My friends are very annoying and if one of them gets a bigger piece than the others, they start complaining. Therefore all of them should get equally sized (but not necessarily equally shaped) pieces, even if this leads to some pie getting spoiled (which is better than spoiling the party). Of course, I want a piece of pie for myself too, and that piece should also be of the same size.

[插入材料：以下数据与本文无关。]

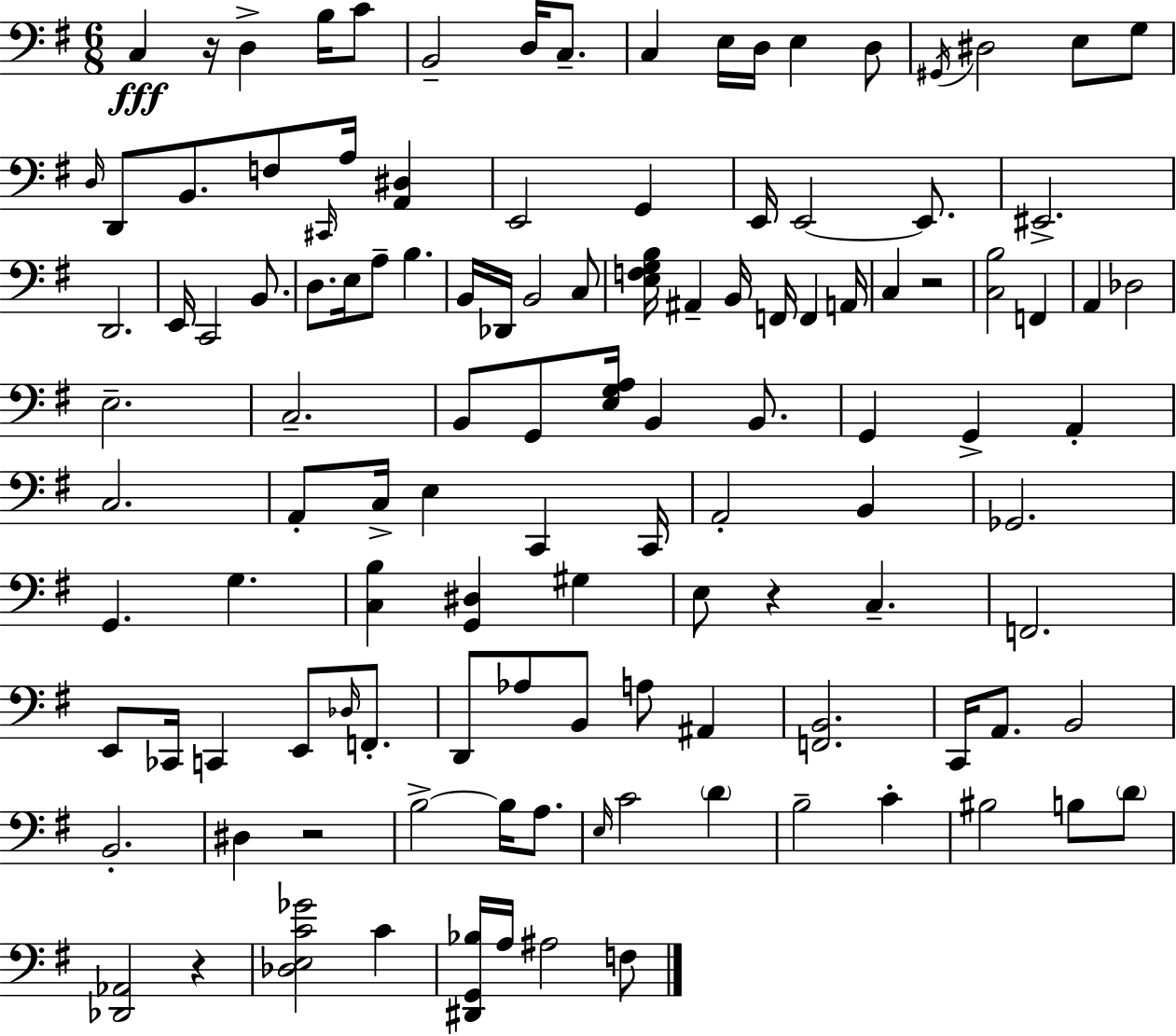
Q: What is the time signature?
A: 6/8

What is the largest possible piece size all of us can get? All the pies are cylindrical in shape and they all have the same height 1, but the radii of the pies can be different.

Input

One line with a positive integer: the number of test cases. Then for each test case:

• One line with two integers N and F with 1 ≤ N, F ≤ 10 000: the number of pies and the number of friends.
• One line with N integers ri with 1 ≤ ri ≤ 10 000: the radii of the pies.

Output

For each test case, output one line with the largest possible volume V such that me and my friends can all get a pie piece of size V. The answer should be given as a floating point number with an absolute error of at most 10⁻³.

Sample Input

3
3 3
4 3 3
1 24
5
10 5
1 4 2 3 4 5 6 5 4 2

Sample Output

25.1327
3.1416
50.2655

题目大意：有N块蛋糕，F+1个人，每人只能分一块（不能拿几块小的拼成大的），求每人最多拿多少体积（高相等，体积即面积）

分析：

非常水的二分题，千万要注意，输入的是朋友的数量f，分pie是分给所有人，包括自己在内共f+1人

下界low=0，即每人都分不到pie

上界high=maxsize，每人都得到整个pie，而且那个pie为所有pie中最大的          (上界就是 n个人n个pie，每个pie还等大)

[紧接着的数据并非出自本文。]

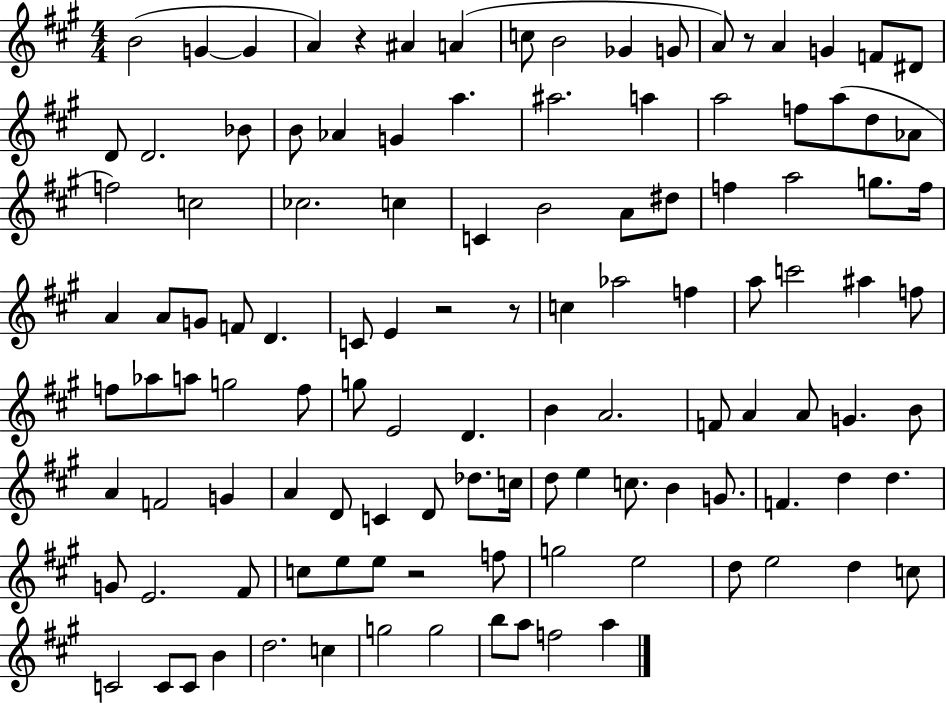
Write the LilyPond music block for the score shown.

{
  \clef treble
  \numericTimeSignature
  \time 4/4
  \key a \major
  b'2( g'4~~ g'4 | a'4) r4 ais'4 a'4( | c''8 b'2 ges'4 g'8 | a'8) r8 a'4 g'4 f'8 dis'8 | \break d'8 d'2. bes'8 | b'8 aes'4 g'4 a''4. | ais''2. a''4 | a''2 f''8 a''8( d''8 aes'8 | \break f''2) c''2 | ces''2. c''4 | c'4 b'2 a'8 dis''8 | f''4 a''2 g''8. f''16 | \break a'4 a'8 g'8 f'8 d'4. | c'8 e'4 r2 r8 | c''4 aes''2 f''4 | a''8 c'''2 ais''4 f''8 | \break f''8 aes''8 a''8 g''2 f''8 | g''8 e'2 d'4. | b'4 a'2. | f'8 a'4 a'8 g'4. b'8 | \break a'4 f'2 g'4 | a'4 d'8 c'4 d'8 des''8. c''16 | d''8 e''4 c''8. b'4 g'8. | f'4. d''4 d''4. | \break g'8 e'2. fis'8 | c''8 e''8 e''8 r2 f''8 | g''2 e''2 | d''8 e''2 d''4 c''8 | \break c'2 c'8 c'8 b'4 | d''2. c''4 | g''2 g''2 | b''8 a''8 f''2 a''4 | \break \bar "|."
}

对当前上下界折中为mid，计算"如果按照mid的尺寸分pie，能分给多少人"

求某个pie（尺寸为size）按照mid的尺寸，能够分给的人数，就直接size / mid，舍弃小数就可以

由于每个pie都是圆的，为了保证精度和减少运算，我的程序在计算过程中把 π 先忽略，仅仅用半径R²去计算，最后的结果再乘π

没难度的二分题，若果WA要多多留意是不是精度问题，因为算法思路是很明确的，精度才是最头疼的

代码：

#include <iostream>
#include <cstdio>
#include<cmath>
using namespace std;
double pi = acos(-1.0);             // 圆周率的表示
int T, n, f;
double b[10003];
int juge(double x)
{
    int total = 0;
    for (int i = 1; i <= n; i++)
    {
        total += int(b[i] / x);
    }
    if (total>f)
        return 1;
    else
        return 0;
}
int main()
{
    double l, r, mid, rad;
    cin >> T;
    while (T--)
    {
        cin >> n >> f;
        double sum = 0;
        for (int i = 1; i <= n; i++)
        {
            cin >> rad;
            b[i] = rad*rad*pi;
            sum += b[i];
        }
        l = 0;
        double r = sum / (f + 1);
        while (r - l>0.0001)           // 此题精度小数点后四位
        {
            mid = (l + r) / 2;
            if (juge(mid))
                l = mid;
            else
                r = mid;
        }
        printf("%.4lf\n", mid);
    }
    return 0;
}